• Family Matters,  movies

    pree-awj-jeh-kee

    I have no words for tonight’s blog post because I am visiting my mom and my niece is talking non-stop. She will not shut up. I cannot concentrate. She is taking up all the words in the universe and there are none left for me.

    Click here for a very small sample. (1.07 MB quicktime movie)

  • illos,  preg-nuts

    Walrus Fashion

    If you are pregnant, do not let your friends talk you into having your baby shower during your very last month of pregnancy. No matter who tells you how cute you are, all big-as-a-house and glowing…. They are lying. They are just enjoying the fact that you look like blubber on wheels and they can feel all skinny next to you. It is HORRIBLE.

    I know, I know. I really do not deserve to complain. Here I am perfectly healthy, and I have friends showering me with gifts!! It’s just that I really wanted to have a cute outfit to wear to my shower. Something pink and brown and not a tent. I even saved a gift certificate from my mother-in-law to Pea in the Pod for something extra special. I just want to look stylish and cute in my state.

    WHICH IS IMPOSSIBLE when you look like a walrus!!! Since when have maternity clothes been too small for me! It was pure torture yesterday at the mall. Nothing fits me! If I get a large, my boobs don’t fill up the top. If I get a medium my stomach is stretching the belly area to maximum capacity. I am so front heavy, I look like I’ll fall over if a breeze blows by.

    Plus, I think yesterday was fashion model shopping day. Everywhere I looked were skinny bits of beautiful women. Everyone looked so pretty except me. I am chubby everywhere. My chin, my shoulders, my elbows, my knees. Every part of me is chubby! I bet even my teeth are chubby. There is nothing quite like the beating you give yourself in the reflection of a dressing room mirror. I don’t know if it’s the light or that the whole point is to be critical, but I am horrid to myself. I can see nothing good when I look at myself trying on clothes. This experience is not for the light hearted. I was practically in tears.

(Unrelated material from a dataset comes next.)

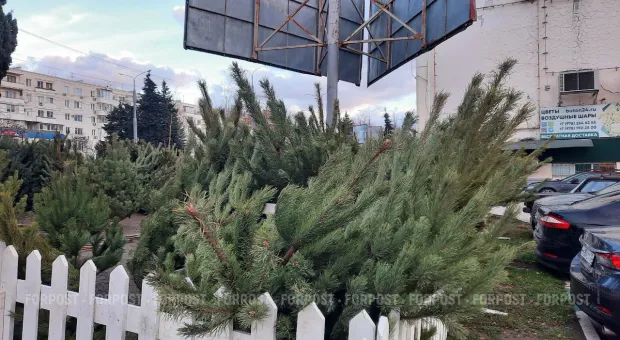 Новости Севастополя - Пассажиры двух авто в Севастополе отправились в больницу после ДТП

    I ended up buying a super expensive Diane VonFurstenberg blouse and a dumpy looking brown skirt. The skirt really made me mad because I already have two brown dumpy looking skirts! But they wouldn’t go with my new super expensive blouse because one is a wrap skirt and gaps all over the place and the other has pin stripes. The gapping is just vanity because I don’t want to show my chubby legs. But the pin stripes really don’t go. The DianeVonWhatshername blouse has a pattern that is dainty and complicated and it really really really doesn’t match with pin stripes. Unless of course you weigh 89 pounds and you are a model. Then it would go. Anything goes then.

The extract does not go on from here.